Exercise objective -
Among the lines below, list those containing the string "future".

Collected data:
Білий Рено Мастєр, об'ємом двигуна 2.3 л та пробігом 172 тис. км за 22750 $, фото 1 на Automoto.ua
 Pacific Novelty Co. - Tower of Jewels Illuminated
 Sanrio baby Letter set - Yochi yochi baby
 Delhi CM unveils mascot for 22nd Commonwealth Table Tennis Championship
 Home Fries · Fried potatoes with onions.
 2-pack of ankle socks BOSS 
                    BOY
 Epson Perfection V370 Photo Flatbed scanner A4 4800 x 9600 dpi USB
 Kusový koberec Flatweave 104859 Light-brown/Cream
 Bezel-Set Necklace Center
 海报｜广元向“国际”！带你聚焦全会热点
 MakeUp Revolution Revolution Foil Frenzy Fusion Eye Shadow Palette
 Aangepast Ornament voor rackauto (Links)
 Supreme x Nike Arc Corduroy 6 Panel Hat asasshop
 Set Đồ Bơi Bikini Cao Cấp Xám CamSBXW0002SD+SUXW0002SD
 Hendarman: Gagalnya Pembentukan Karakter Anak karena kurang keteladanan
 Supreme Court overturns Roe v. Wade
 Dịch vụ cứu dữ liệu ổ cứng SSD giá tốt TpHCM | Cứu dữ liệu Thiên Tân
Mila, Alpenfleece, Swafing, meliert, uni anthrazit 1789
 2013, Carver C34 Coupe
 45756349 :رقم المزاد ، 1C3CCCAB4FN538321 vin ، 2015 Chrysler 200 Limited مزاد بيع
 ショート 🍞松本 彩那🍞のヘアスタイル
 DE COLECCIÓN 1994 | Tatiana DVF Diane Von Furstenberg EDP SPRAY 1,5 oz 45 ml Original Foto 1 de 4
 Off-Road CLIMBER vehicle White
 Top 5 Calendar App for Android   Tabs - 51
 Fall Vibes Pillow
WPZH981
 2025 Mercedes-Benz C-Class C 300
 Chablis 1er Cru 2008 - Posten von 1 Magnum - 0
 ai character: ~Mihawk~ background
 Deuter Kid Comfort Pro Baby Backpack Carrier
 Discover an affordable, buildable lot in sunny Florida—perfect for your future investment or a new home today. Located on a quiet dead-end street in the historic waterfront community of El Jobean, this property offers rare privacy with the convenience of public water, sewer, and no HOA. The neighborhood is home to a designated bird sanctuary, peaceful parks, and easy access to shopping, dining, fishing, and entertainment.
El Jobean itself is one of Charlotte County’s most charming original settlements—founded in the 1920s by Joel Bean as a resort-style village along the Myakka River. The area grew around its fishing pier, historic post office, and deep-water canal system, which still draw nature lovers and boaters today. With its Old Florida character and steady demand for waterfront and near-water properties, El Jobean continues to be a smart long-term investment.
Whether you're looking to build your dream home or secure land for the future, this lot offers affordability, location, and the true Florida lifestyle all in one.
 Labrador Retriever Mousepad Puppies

Task response -
 Discover an affordable, buildable lot in sunny Florida—perfect for your future investment or a new home today. Located on a quiet dead-end street in the historic waterfront community of El Jobean, this property offers rare privacy with the convenience of public water, sewer, and no HOA. The neighborhood is home to a designated bird sanctuary, peaceful parks, and easy access to shopping, dining, fishing, and entertainment.
Whether you're looking to build your dream home or secure land for the future, this lot offers affordability, location, and the true Florida lifestyle all in one.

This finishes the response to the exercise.